Good eats are good eats, but we feed off of atmosphere, too. We always prefer eye candy over dessert and we find that great scenery is a seasoning that goes well with any dish. Of course, L.A.’s got plenty of pricey froufrou foodie spots for rich and famous fat cats to choose from, but our faves satiate even if you — or your wallet — happen to be on a diet. Jones (7201 Santa Monica Blvd., West Hollywood, 323-850-1727) lost its hot-spot luster a long time ago, but that’s just fine with us, ’cause it means getting a table is a snap. We love its gigantor salads, the old punk-rock club photos plastered about the place, the Jack Daniel’s drinks named after local nightlife heroes, and the soundtrack (AC/DC goes really well with a juicy steak).

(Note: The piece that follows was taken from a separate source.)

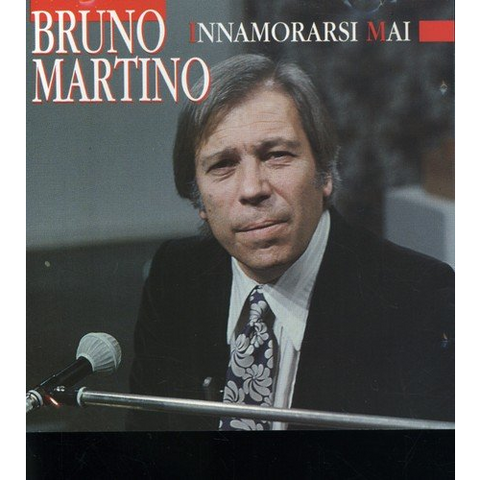 MARTINO BRUNO - INNAMORARSI MAI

Every carnivore loves a carne asada taco, and though there’s a bevy of trucks and stands to choose from, we always end up at El 7 Mares (3143 Sunset Blvd., Silver Lake, 323-665-0865). The fish tacos are fat and crispy, the ceviche is lip-smackin’ tangy, and the asada special (four yummy little corn-tortilla-encased clusters of beef and a soda for only $3.99) is the perfect quickie lunch. Sit in the awning-covered outdoor patio and watch cars fly down Sunset while ya nosh.

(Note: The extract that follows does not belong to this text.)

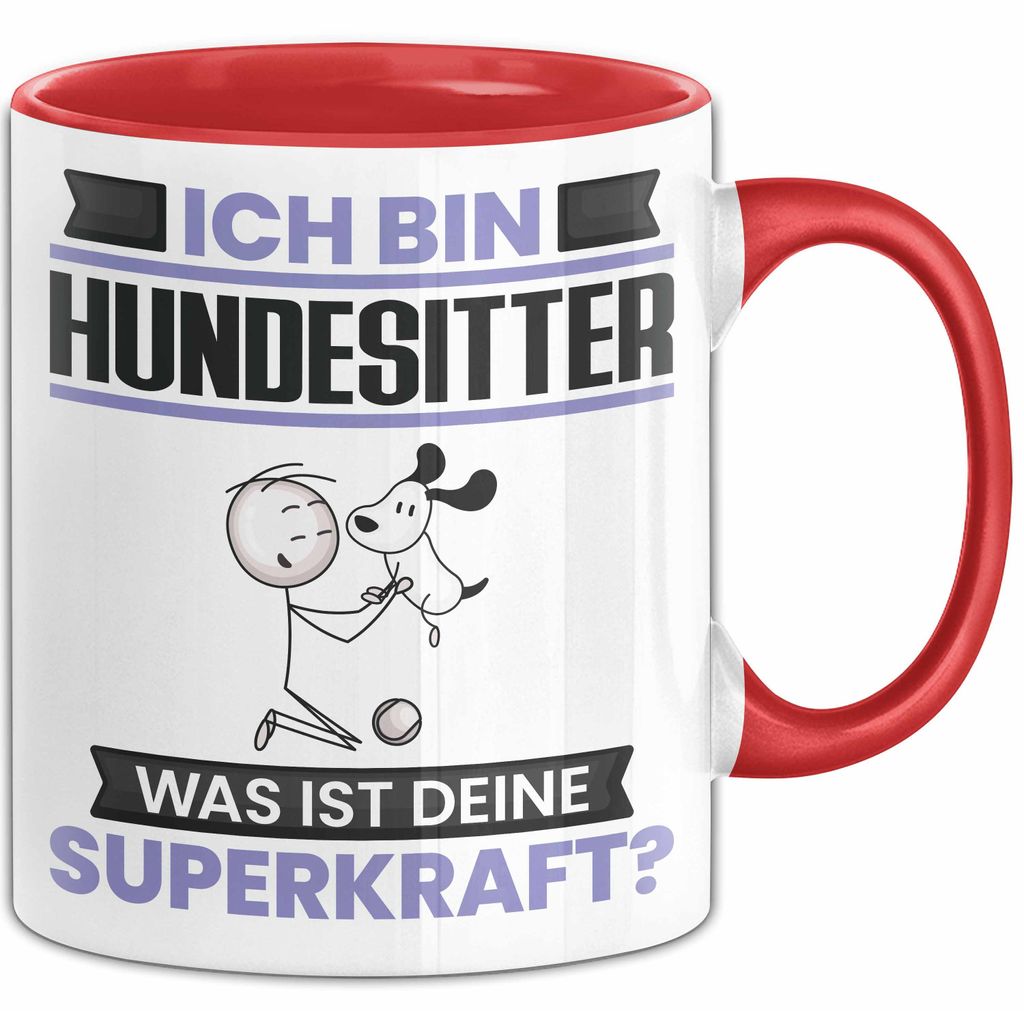 Hundesitter Tasse Geschenk für Hundesitter Geburtstag Lustiger Spruch Kaffee-Becher Was Ist Deine Superkraft (Rot)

For more serious people-watching head down the street to The Brite Spot (1918 Sunset Blvd., Echo Park, 213-484-9800), the place for Silver Lake/Echo Park scenester summits right now. The coffee-shop fare is pretty tasty, but that’s not what attracts the rock set — it’s whom you might run into. We especially like to go in for a hangover breakfast on Saturday or Sunday, no earlier than noon of course, and watch as bed-headed, baggy-eyed locals rehash their misadventures from the night before.

Eating after midnight is a sin, but ever since Hollywood Boulevard was invaded by armies of bacon-wrapped-hot-dog vendors a few years ago, we’ve been giving in to temptation a little too often. They’re outside clubs all around town, but in Hollywood, they’re as ubiquitous as the stars along the walk of fame, their seductive aromas reeling in helpless drunkards by their schnozzes. The people behind the carts (usually young Latino guys or gals) are as much a part of Hollywood after dark as traffic jams and velvet ropes these days. You can always tell who isn’t (and won’t be) hooking up by who’s huddled around the dog carts at 2 in the morning, slabbing on the onions and peppers. Indeed, such greasy bliss is worth going home alone for . . . sometimes.